[Opening MATERIAL PROVIDED section]

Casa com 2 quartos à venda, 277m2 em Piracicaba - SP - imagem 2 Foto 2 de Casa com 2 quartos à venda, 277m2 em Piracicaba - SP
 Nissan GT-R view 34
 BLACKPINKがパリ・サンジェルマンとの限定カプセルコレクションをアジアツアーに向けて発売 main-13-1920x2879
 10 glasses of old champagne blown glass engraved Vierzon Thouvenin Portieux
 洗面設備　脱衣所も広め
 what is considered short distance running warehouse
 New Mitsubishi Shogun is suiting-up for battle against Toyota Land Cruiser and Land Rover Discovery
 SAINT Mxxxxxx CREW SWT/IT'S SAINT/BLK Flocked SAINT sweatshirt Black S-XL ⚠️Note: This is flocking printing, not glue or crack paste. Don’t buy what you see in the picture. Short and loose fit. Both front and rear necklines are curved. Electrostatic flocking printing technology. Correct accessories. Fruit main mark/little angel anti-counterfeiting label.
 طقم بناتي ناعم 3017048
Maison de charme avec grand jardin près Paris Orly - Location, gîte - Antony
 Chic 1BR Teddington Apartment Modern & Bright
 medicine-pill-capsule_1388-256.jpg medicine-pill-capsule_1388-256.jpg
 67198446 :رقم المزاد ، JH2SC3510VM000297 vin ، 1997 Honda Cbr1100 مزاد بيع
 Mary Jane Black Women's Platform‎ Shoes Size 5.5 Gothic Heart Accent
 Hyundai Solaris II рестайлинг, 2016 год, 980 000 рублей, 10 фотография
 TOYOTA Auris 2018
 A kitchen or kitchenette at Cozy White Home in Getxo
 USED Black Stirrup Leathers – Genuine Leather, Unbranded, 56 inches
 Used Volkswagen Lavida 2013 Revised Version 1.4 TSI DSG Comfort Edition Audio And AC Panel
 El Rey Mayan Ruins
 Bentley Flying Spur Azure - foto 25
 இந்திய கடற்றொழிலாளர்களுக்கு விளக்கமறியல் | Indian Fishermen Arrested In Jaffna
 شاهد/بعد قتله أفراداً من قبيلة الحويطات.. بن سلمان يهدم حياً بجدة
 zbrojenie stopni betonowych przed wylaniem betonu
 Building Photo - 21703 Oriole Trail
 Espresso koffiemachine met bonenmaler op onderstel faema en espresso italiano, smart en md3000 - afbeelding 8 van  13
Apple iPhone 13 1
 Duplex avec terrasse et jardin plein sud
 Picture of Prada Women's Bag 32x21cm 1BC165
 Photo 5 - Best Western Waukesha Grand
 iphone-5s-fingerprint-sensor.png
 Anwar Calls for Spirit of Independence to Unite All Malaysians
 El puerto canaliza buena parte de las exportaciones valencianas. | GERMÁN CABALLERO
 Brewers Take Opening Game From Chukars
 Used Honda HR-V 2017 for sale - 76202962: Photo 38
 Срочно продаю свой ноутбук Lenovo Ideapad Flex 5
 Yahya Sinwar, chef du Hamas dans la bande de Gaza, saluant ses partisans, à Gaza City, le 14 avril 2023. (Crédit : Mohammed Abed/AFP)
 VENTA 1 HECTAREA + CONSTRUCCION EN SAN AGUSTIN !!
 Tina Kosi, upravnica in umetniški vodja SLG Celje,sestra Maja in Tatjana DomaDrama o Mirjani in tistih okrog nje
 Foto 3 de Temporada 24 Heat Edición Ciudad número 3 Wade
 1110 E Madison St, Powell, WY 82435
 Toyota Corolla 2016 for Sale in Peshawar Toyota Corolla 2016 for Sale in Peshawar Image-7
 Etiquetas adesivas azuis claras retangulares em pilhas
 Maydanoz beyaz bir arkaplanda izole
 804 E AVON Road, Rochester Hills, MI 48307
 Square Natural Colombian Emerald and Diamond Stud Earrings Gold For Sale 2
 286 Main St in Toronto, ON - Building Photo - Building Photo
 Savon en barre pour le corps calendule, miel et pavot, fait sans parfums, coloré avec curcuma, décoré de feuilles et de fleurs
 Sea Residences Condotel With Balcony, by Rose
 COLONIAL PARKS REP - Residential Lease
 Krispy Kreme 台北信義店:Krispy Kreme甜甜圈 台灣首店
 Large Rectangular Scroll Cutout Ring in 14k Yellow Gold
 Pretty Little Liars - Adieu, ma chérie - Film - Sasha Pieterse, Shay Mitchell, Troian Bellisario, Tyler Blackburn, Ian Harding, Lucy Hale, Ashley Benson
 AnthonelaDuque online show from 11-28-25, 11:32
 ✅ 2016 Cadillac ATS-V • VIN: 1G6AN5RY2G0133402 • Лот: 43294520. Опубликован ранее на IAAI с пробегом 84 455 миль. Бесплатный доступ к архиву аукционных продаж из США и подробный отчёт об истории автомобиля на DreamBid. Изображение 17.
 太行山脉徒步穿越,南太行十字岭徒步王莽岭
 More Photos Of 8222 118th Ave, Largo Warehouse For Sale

[Closing MATERIAL PROVIDED section]

▶ [WHAT IS EXPECTED] Line by line, please copy the records above exactly.

▶ [ANSWER TO THE PROBLEM]
Casa com 2 quartos à venda, 277m2 em Piracicaba - SP - imagem 2 Foto 2 de Casa com 2 quartos à venda, 277m2 em Piracicaba - SP
 Nissan GT-R view 34
 BLACKPINKがパリ・サンジェルマンとの限定カプセルコレクションをアジアツアーに向けて発売 main-13-1920x2879
 10 glasses of old champagne blown glass engraved Vierzon Thouvenin Portieux
 洗面設備　脱衣所も広め
 what is considered short distance running warehouse
 New Mitsubishi Shogun is suiting-up for battle against Toyota Land Cruiser and Land Rover Discovery
 SAINT Mxxxxxx CREW SWT/IT'S SAINT/BLK Flocked SAINT sweatshirt Black S-XL ⚠️Note: This is flocking printing, not glue or crack paste. Don’t buy what you see in the picture. Short and loose fit. Both front and rear necklines are curved. Electrostatic flocking printing technology. Correct accessories. Fruit main mark/little angel anti-counterfeiting label.
 طقم بناتي ناعم 3017048
Maison de charme avec grand jardin près Paris Orly - Location, gîte - Antony
 Chic 1BR Teddington Apartment Modern & Bright
 medicine-pill-capsule_1388-256.jpg medicine-pill-capsule_1388-256.jpg
 67198446 :رقم المزاد ، JH2SC3510VM000297 vin ، 1997 Honda Cbr1100 مزاد بيع
 Mary Jane Black Women's Platform‎ Shoes Size 5.5 Gothic Heart Accent
 Hyundai Solaris II рестайлинг, 2016 год, 980 000 рублей, 10 фотография
 TOYOTA Auris 2018
 A kitchen or kitchenette at Cozy White Home in Getxo
 USED Black Stirrup Leathers – Genuine Leather, Unbranded, 56 inches
 Used Volkswagen Lavida 2013 Revised Version 1.4 TSI DSG Comfort Edition Audio And AC Panel
 El Rey Mayan Ruins
 Bentley Flying Spur Azure - foto 25
 இந்திய கடற்றொழிலாளர்களுக்கு விளக்கமறியல் | Indian Fishermen Arrested In Jaffna
 شاهد/بعد قتله أفراداً من قبيلة الحويطات.. بن سلمان يهدم حياً بجدة
 zbrojenie stopni betonowych przed wylaniem betonu
 Building Photo - 21703 Oriole Trail
 Espresso koffiemachine met bonenmaler op onderstel faema en espresso italiano, smart en md3000 - afbeelding 8 van  13
Apple iPhone 13 1
 Duplex avec terrasse et jardin plein sud
 Picture of Prada Women's Bag 32x21cm 1BC165
 Photo 5 - Best Western Waukesha Grand
 iphone-5s-fingerprint-sensor.png
 Anwar Calls for Spirit of Independence to Unite All Malaysians
 El puerto canaliza buena parte de las exportaciones valencianas. | GERMÁN CABALLERO
 Brewers Take Opening Game From Chukars
 Used Honda HR-V 2017 for sale - 76202962: Photo 38
 Срочно продаю свой ноутбук Lenovo Ideapad Flex 5
 Yahya Sinwar, chef du Hamas dans la bande de Gaza, saluant ses partisans, à Gaza City, le 14 avril 2023. (Crédit : Mohammed Abed/AFP)
 VENTA 1 HECTAREA + CONSTRUCCION EN SAN AGUSTIN !!
 Tina Kosi, upravnica in umetniški vodja SLG Celje,sestra Maja in Tatjana DomaDrama o Mirjani in tistih okrog nje
 Foto 3 de Temporada 24 Heat Edición Ciudad número 3 Wade
 1110 E Madison St, Powell, WY 82435
 Toyota Corolla 2016 for Sale in Peshawar Toyota Corolla 2016 for Sale in Peshawar Image-7
 Etiquetas adesivas azuis claras retangulares em pilhas
 Maydanoz beyaz bir arkaplanda izole
 804 E AVON Road, Rochester Hills, MI 48307
 Square Natural Colombian Emerald and Diamond Stud Earrings Gold For Sale 2
 286 Main St in Toronto, ON - Building Photo - Building Photo
 Savon en barre pour le corps calendule, miel et pavot, fait sans parfums, coloré avec curcuma, décoré de feuilles et de fleurs
 Sea Residences Condotel With Balcony, by Rose
 COLONIAL PARKS REP - Residential Lease
 Krispy Kreme 台北信義店:Krispy Kreme甜甜圈 台灣首店
 Large Rectangular Scroll Cutout Ring in 14k Yellow Gold
 Pretty Little Liars - Adieu, ma chérie - Film - Sasha Pieterse, Shay Mitchell, Troian Bellisario, Tyler Blackburn, Ian Harding, Lucy Hale, Ashley Benson
 AnthonelaDuque online show from 11-28-25, 11:32
 ✅ 2016 Cadillac ATS-V • VIN: 1G6AN5RY2G0133402 • Лот: 43294520. Опубликован ранее на IAAI с пробегом 84 455 миль. Бесплатный доступ к архиву аукционных продаж из США и подробный отчёт об истории автомобиля на DreamBid. Изображение 17.
 太行山脉徒步穿越,南太行十字岭徒步王莽岭
 More Photos Of 8222 118th Ave, Largo Warehouse For Sale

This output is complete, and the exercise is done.